User agents MAY internally associate information with each Credential object beyond the attributes specified in this document in order to enhance the utility of such a chooser. For example, favicons could help disambiguate identity providers, etc. Any additional information stored MUST not be exposed directly to the web.

6. Security Considerations

6.1. Cross-origin Credential Leakage

Credentials are sensitive information, and user agents need to exercise caution in determining when they can be safely shared with a website. The safest option is to restrict credential sharing to the exact origin on which they were saved. That is likely too restrictive for the web, however: consider sites which divide functionality into subdomains: example.com vs admin.example.com.

As a compromise between annoying users, and securing their credentials, user agents:

MUST NOT share credentials between origins whose scheme components are not the same. That is: credentials saved on https://example.com/ will never be available to http://example.com/ via a user agent’s autofill mechanism
MAY use the Public Suffix List [PSL] to determine the effective scope of a credential by comparing the registerable domains of the credential’s [[origin]] with the origin in which get() is called. That is: credentials saved on https://admin.example.com/ and https://example.com/ MAY be offered to users when get() is called from https://www.example.com/.
MUST NOT offer credentials to an origin in response to get() without user mediation if the credential’s origin is not an exact match for the calling origin. That is, Credential objects for https://example.com would not be returned directly to https://www.example.com, but could be offered to the user via the chooser.

PasswordCredentials further mitigate the risk of data leakage by never exposing the [[password]] slot directly to a page’s JavaScript, but only allowing its submission to a same-origin server-side endpoint via fetch().

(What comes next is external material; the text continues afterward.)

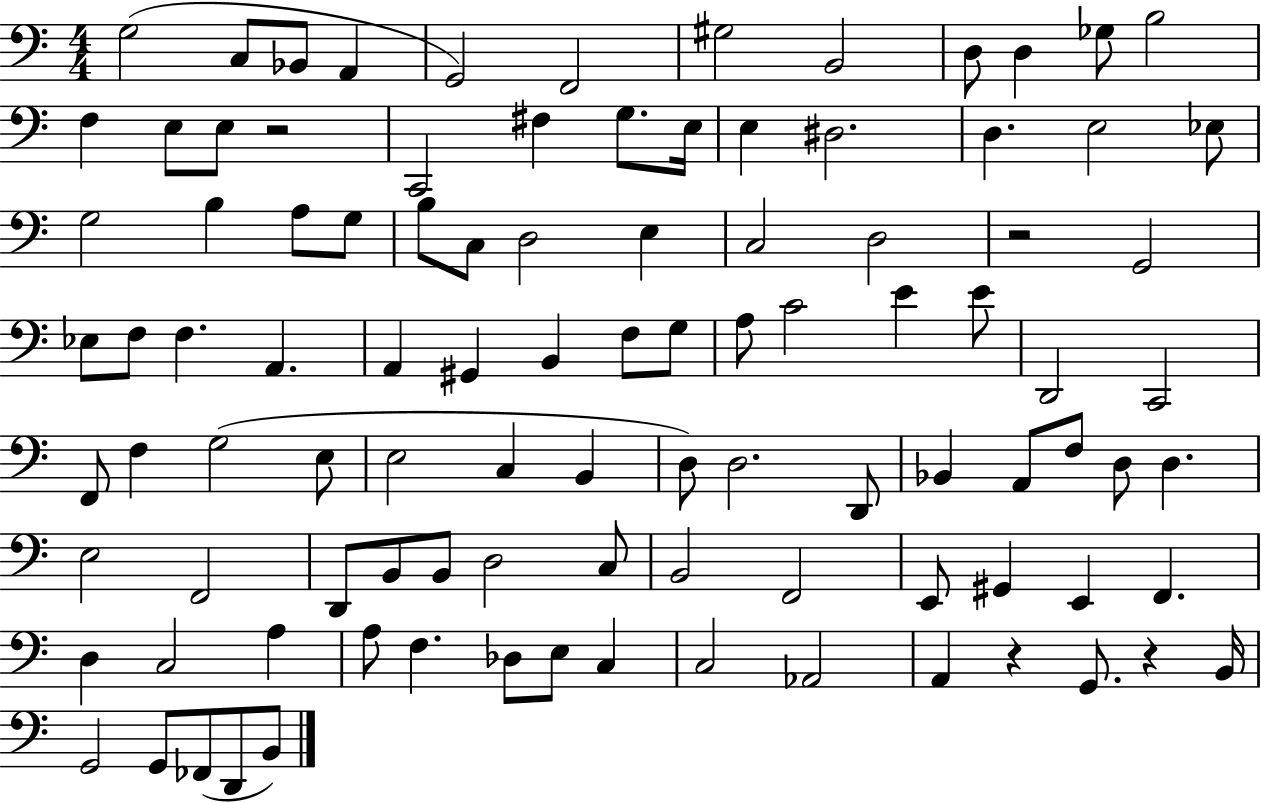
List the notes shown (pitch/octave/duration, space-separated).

G3/h C3/e Bb2/e A2/q G2/h F2/h G#3/h B2/h D3/e D3/q Gb3/e B3/h F3/q E3/e E3/e R/h C2/h F#3/q G3/e. E3/s E3/q D#3/h. D3/q. E3/h Eb3/e G3/h B3/q A3/e G3/e B3/e C3/e D3/h E3/q C3/h D3/h R/h G2/h Eb3/e F3/e F3/q. A2/q. A2/q G#2/q B2/q F3/e G3/e A3/e C4/h E4/q E4/e D2/h C2/h F2/e F3/q G3/h E3/e E3/h C3/q B2/q D3/e D3/h. D2/e Bb2/q A2/e F3/e D3/e D3/q. E3/h F2/h D2/e B2/e B2/e D3/h C3/e B2/h F2/h E2/e G#2/q E2/q F2/q. D3/q C3/h A3/q A3/e F3/q. Db3/e E3/e C3/q C3/h Ab2/h A2/q R/q G2/e. R/q B2/s G2/h G2/e FES2/e D2/e B2/e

Additionally, authors SHOULD mitigate the risk of leakage by setting a reasonable Content Security Policy [CSP2] which restricts the origins to which data can be sent. In particular, authors should ensure that the following directives are set, explicitly or implicitly, in their pages' policies:

connect-src further restricts the origins to which fetch() may submit data (which mitigates the risk of redirect-based attacks).
child-src restricts the nested browsing contexts which may be embedded in a page, making it more difficult to inject a malicious postMessage() target. [WEBMESSAGING]

6.2. Same-origin Leakage

Cross-site scripting attacks could make it possible to exploit PasswordCredential's integration with fetch() in order to leak credential information via a vulnerable same-origin endpoint. To mitigate this kind of risk, authors SHOULD set a reasonable Content Security Policy which restricts the kinds of content which can execute in their sites' context. [CSP2] Moreover, authors should ensure that both script-src and object-src directives are set in any policy they specify in order to ensure that only trusted script is executed on a page with access to a user’s credentials.

6.3. Origin Confusion

If framed pages have access to the APIs defined here, it might be possible to confuse a user into granting access to credentials for an origin other than the top-level browsing context, which is the only security origin which users can reasonably be expected to understand.

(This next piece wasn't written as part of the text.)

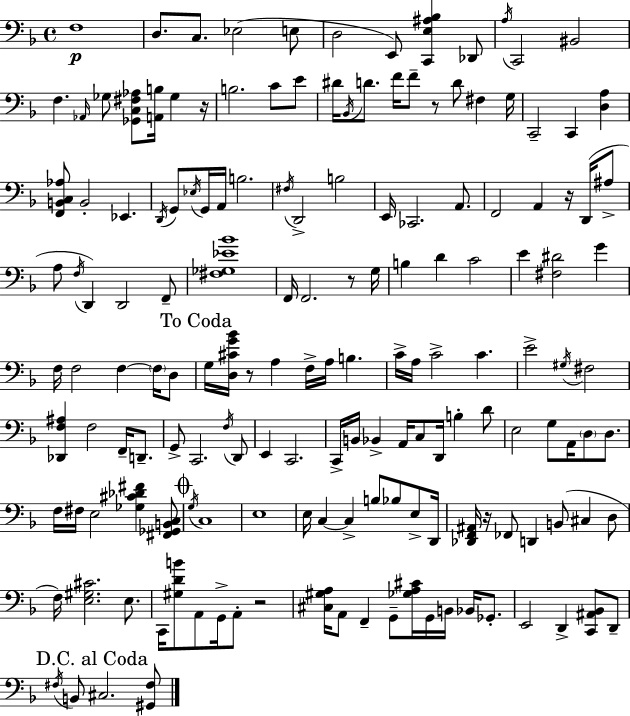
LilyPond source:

Therefore, Nested browsing contexts and other environments like Workers [WORKERS] cannot receive or store Credential objects; the user agent MUST reject promises generated by calls to get() and store() with a SecurityError when called from a context which is not a top-level browsing context.

See the algorithms defined in §4.1.1 Request a Credential and §4.1.2 Store a Credential for details.

6.4. Insecure Sites

User agents MUST NOT expose the APIs defined here to environments which are not secure contexts. User agents MAY implement autofill mechanisms which store user credentials and fill sign-in forms on non-a priori authenticated URLs, but those sites cannot be trusted to interact directly with the credential manager in any meaningful way, and those sites MUST NOT have access to credentials saved in secure contexts (as discussed in §6.1 Cross-origin Credential Leakage.

6.5. Script Injection

If a malicious party is able to inject script into an origin, they could (among many other things you wouldn’t like) overwrite the behavior of store() to steal a user’s credentials as they’re written into the credential store.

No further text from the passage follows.